Après avoir endormi la méfiance des lecteurs avec un bon
livre d’initiation, je vais vous décrire en quelques mots les objets de mes
penchants les plus honteux, là où mon coté obsessionnel peut s’épanouir à son
aise. Les objets car il y en a plusieurs. Ils sont dissimulés sous l’aspect de
classeurs de fonctionnaire, ces gros classeurs gris à levier qui n’inspirent
que rarement de désir chez l’humain normalement constitué. Mais ces classeurs
contiennent une somme de documents sur le golf, et plus particulièrement sur le
swing. Il y a des textes en anglais, en allemand, parfois même en français. Des
centaines de pages sur un seul geste.
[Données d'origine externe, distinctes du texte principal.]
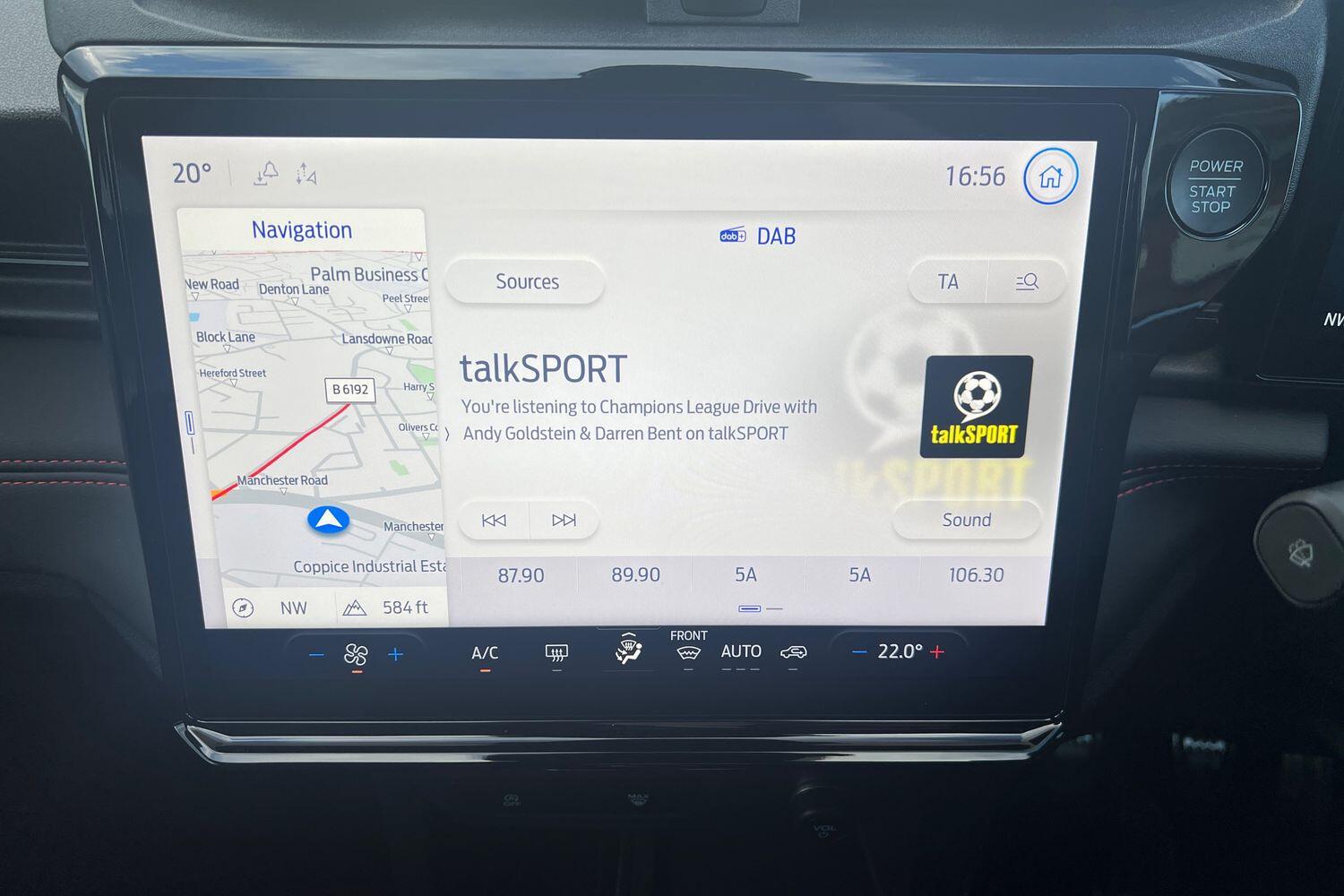 Used Ford Puma for sale - 77230255: Photo 32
Peu de photos, pas la moindre anecdote.
Mais il y a des mathématiques, de la physique, de la physiologie, de l’anatomie.
Tout ce que j’ai pu trouver sur le swing de golf et que j’arrive à comprendre.
Mais ces pages, d’où viennent-elles? Il faut croire
que le golf est très répandu chez les universitaires, qu’ils soient
mathématiciens, physiciens, médecins. Et tous ces éminents personnages ont, un
jour ou l’autre, réfléchi à leur capacité à taper plus ou moins bien la balle. Comme
ils sont éminents et universitaires, le fruit de leur réflexion ne pouvait
déboucher que sous la forme d’un article scientifique, publié si possible dans
une revue de référence. Ces articles, je me suis mis à les débusquer depuis
quelques mois, et la pêche est très fructueuse.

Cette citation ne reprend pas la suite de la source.